DAYTONA BEACH, Fla. (AP) -- Rusty Wallace needs to find some speed, Jimmy Spencer wants some luck, and rookie Larry Foyt is looking for a near-miracle.
There's a lot to lose and not that much to gain today in the twin 125-mile qualifying races.
Great runs get a driver a good starting spot in Sunday's season-opening Daytona 500. A poor race in the qualifying event could get a car sent home.
"We know we have to stay out of trouble and have a strong race to make the 500," Foyt said. "We're going to need some luck on our side. Luckily I start behind Jeff Gordon, so I hope he can just pull me along."
A victory in one of the two races gets the winner a spot in the second row for the start of the 500. In the 43 years the qualifiers have been run, only seven times has a driver won his qualifying race and then gone on to take the 500.
The late Dale Earnhardt was the last to do it in 1998.
But drivers will still go all out today -- and hope to keep their cars intact.
"We're going to go and try to win the race," Kevin Harvick said. "I think that's what we have to do. I think that's the only way to approach it."
In Daytona's unique qualifying format, Jeff Green and Dale Earnhardt Jr. secured the front row starting spots in the 43-car lineup for the 500-miler by turning in the fastest speeds Monday in time trials.
Positions 3-30 will go to the top 14 finishers in the two qualifying races, excepting Green and Earnhardt.
The 31st through 36th spots will be filled by the fastest drivers from Monday's qualifying session who don't make it in the 125, with the remaining places going to the highest-finishing teams in last year's car-owner points that are not already in the Daytona 500 field.

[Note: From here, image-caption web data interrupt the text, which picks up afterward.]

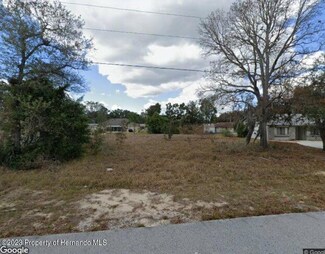 3169 Maxwell Ave, Spring Hill, FL 34608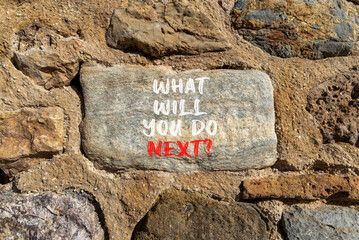 What will you do next symbol. Concept words What will you do next on beautiful stone. Beautiful stone wall background. Business, what will you do next concept. Copy space.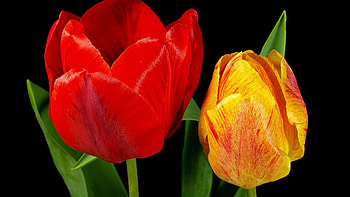 TULIPS, LEAVES, NATURE, COLORS, STEMS HD wallpaper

"It can be intense," said Ricky Rudd, getting ready to race in his 26th consecutive Daytona 500 and an equal number of qualifying races. "There are a lot of guys here where that race is the only race they're thinking about. They're not even thinking about the Daytona 500.
"If they don't do well in the 125s, they won't have a Daytona 500. Other guys, like us, we're pretty good in points and, with our qualifying speed, the race has a little different meaning to us."
Looking for a rebound
Spencer wrecked during the 125 last year and didn't make the Daytona 500. His season never got rolling after that disappointment, and he lost his job with Chip Ganassi Racing at the end of the year.
He'll try to rebound in the No. 7 Dodge from Ultra Motorsports.
"I hope we don't have any trouble," Spencer said. "I think we'll be real good, at least that's what we're looking forward to."
Wallace, who made the switch from Ford to Dodge this season, has been slow all week.
"I'm devastated," Wallace said. "We need some speed."
But he's not desperate. His car finished seventh in owner points, so he should make the field without a problem. Spencer, on the other hand, is in a car that finished 38th in owner points.
There is an added element of strategy in the 125s this year, thanks to NASCAR's decision to use smaller gas tanks here to try to break up the big, dangerous packs of cars so common at Daytona.
It has been routine for the drivers to complete the 50 laps on Daytona International Speedway's 21/2-mile without a pit stop. On Thursday, everyone will have to stop once.
"Everyone's got to do it," Rudd said. "No one can afford to put on four tires if the track stays green. They're going to have to put on two tires, or gas and go.
"That's a different element than we've had to deal with in the past. Instead of all that pressure being on that driver to go out there and finish in that transfer spot, some of the pressure comes back to the crew if it stays green."